Using variables as arguments in summarize()

I wish to pass user input variables to group_by() and summarize() functions.
The direct example of the data frame and code is below. Here I am 'hard-coding' the column names.
library(dplyr)
df <- data.frame('Category' = c('a','c','a','a','b','a','b','b'),
'Amt' = c(100,300,200,400,500,1000,350,250),
'Flag' = c(0,1,1,1,0,1,1,0))
rowCount <- nrow(df)
totalAmt <- sum(df$Amt)
g <- group_by(df, Category)
summ <- summarize(g, Count = n(), CountPercentage = n()*100/rowCount, TotalAmt = sum(Amt), AmtPercentage = sum(Amt)*100/totalAmt, FlagSum = sum(Flag))
summ
The output is below
In the application I am developing, the dataframe and hence the columns names will be user-defined.
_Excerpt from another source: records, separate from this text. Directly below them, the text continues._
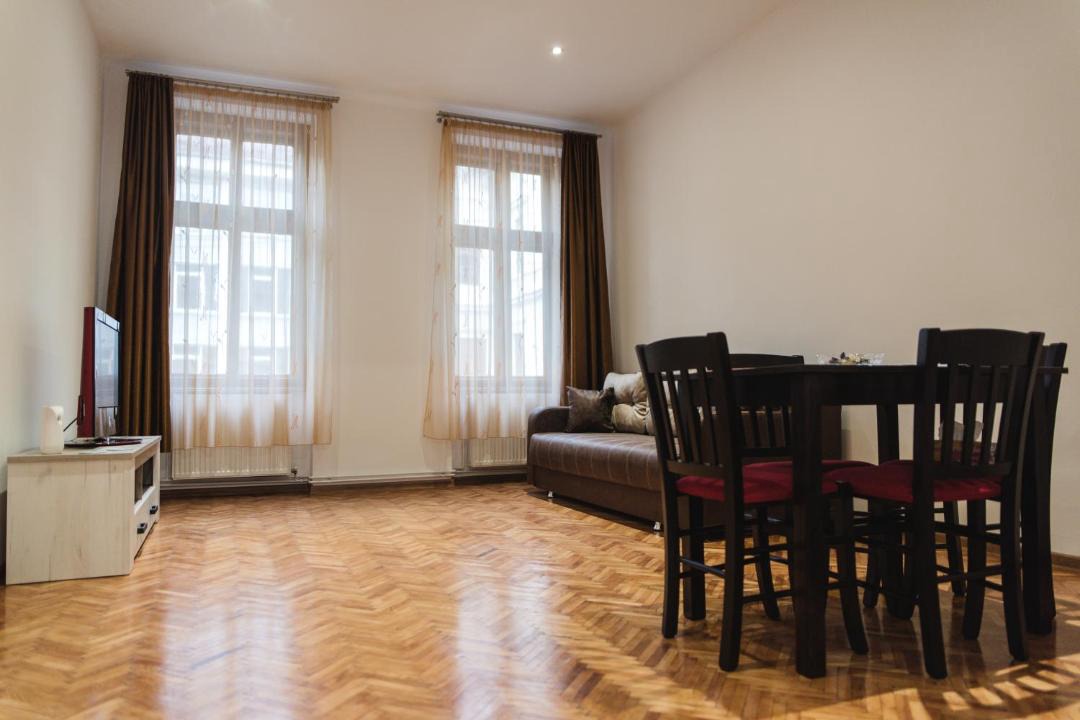 Photo of Livingroom in Center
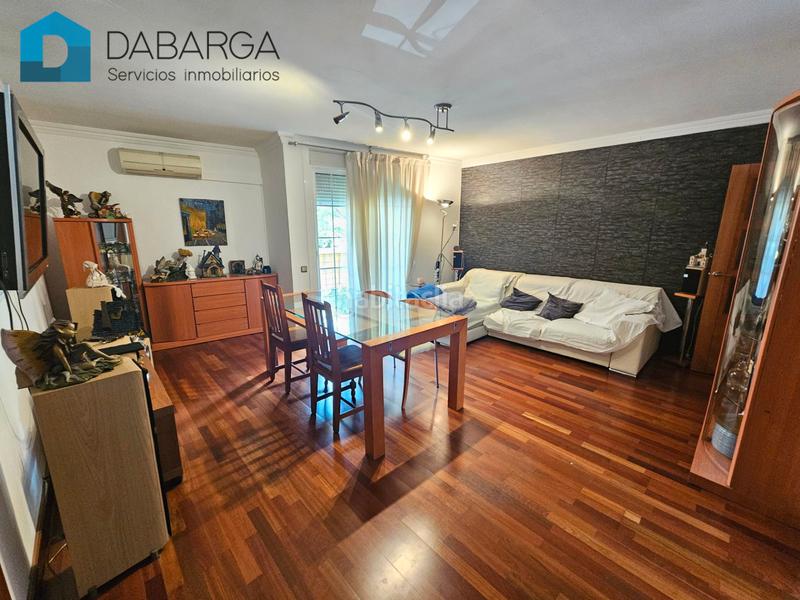 Foto b00eda90-9575-433a-9488-afec4a8cef27. Piso con terraza y posibilidad de local en Ajuntament-Maragall Ripollet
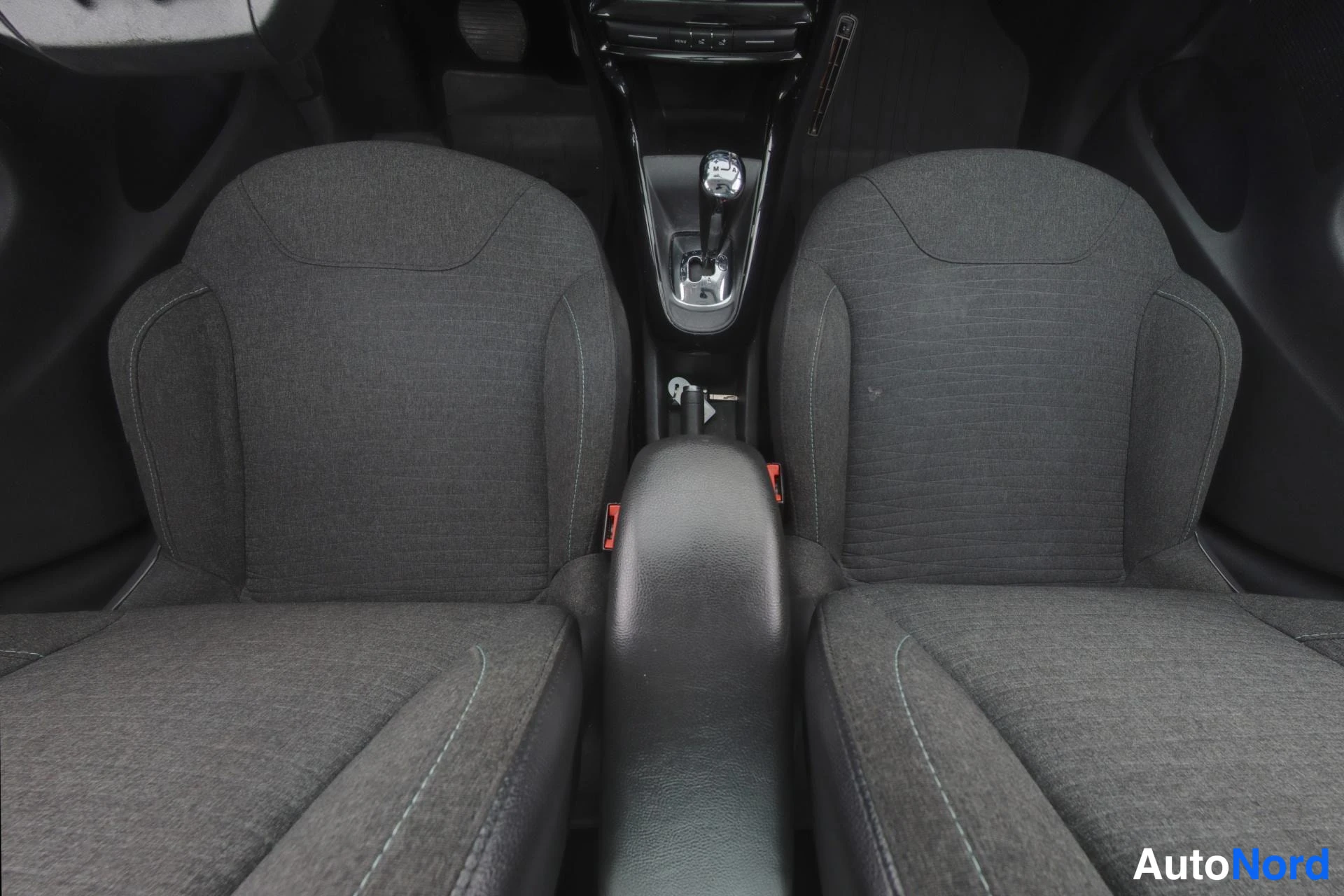 Valkoinen Citroen C3 2016, etuistuimet, kuva 11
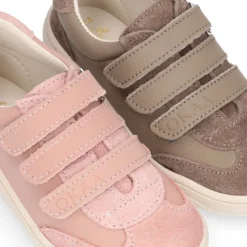 Zapatilla niños en piel modelo respetuoso Okaa Flex casual.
I will be reading the .csv file name, the column(s) to be grouped on and the columns to be summarized on from an Excel file.
I have searched far and wide and after spending much time reading and experimenting, I found the solution as shown below which worked for me. I have not used piping to make the steps clearer.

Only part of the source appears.